Exercise objective: Of all the lines in the entries below, give again exactly those starting at the line containing "Stergatoare auto - Lama" and ending at the line containing "Beşiktaş stoperini İspanya'da buldu!", both ends included, and no others.

Items listed in a dataset

-*-

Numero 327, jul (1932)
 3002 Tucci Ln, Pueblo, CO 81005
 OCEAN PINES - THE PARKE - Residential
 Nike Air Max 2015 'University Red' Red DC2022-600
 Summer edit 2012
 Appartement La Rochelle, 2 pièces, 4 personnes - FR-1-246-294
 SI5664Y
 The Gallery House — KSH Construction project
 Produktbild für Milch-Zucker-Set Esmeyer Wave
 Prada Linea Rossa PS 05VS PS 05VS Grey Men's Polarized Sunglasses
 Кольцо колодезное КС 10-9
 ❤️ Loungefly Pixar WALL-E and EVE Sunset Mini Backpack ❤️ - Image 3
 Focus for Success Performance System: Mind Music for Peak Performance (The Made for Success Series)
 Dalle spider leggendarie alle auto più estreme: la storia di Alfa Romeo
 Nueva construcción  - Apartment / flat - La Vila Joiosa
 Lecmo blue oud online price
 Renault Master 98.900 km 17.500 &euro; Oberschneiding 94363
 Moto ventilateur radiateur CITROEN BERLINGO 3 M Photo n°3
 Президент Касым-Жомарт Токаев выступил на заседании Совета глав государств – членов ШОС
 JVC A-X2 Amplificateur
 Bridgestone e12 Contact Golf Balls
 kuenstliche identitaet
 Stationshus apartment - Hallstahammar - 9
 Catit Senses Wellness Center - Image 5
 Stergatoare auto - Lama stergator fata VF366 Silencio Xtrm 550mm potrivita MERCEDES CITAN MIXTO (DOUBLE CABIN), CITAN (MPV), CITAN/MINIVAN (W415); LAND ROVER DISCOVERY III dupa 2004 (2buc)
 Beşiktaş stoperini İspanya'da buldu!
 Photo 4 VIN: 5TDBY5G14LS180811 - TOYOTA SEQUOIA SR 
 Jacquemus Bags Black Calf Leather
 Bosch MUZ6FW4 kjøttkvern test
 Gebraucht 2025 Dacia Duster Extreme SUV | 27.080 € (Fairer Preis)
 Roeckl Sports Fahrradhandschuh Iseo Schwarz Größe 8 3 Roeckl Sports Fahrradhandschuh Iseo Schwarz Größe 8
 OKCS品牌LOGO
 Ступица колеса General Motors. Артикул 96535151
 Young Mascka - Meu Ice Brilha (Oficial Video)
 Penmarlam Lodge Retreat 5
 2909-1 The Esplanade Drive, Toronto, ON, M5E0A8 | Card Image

-*-

The answer:
 Stergatoare auto - Lama stergator fata VF366 Silencio Xtrm 550mm potrivita MERCEDES CITAN MIXTO (DOUBLE CABIN), CITAN (MPV), CITAN/MINIVAN (W415); LAND ROVER DISCOVERY III dupa 2004 (2buc)
 Beşiktaş stoperini İspanya'da buldu!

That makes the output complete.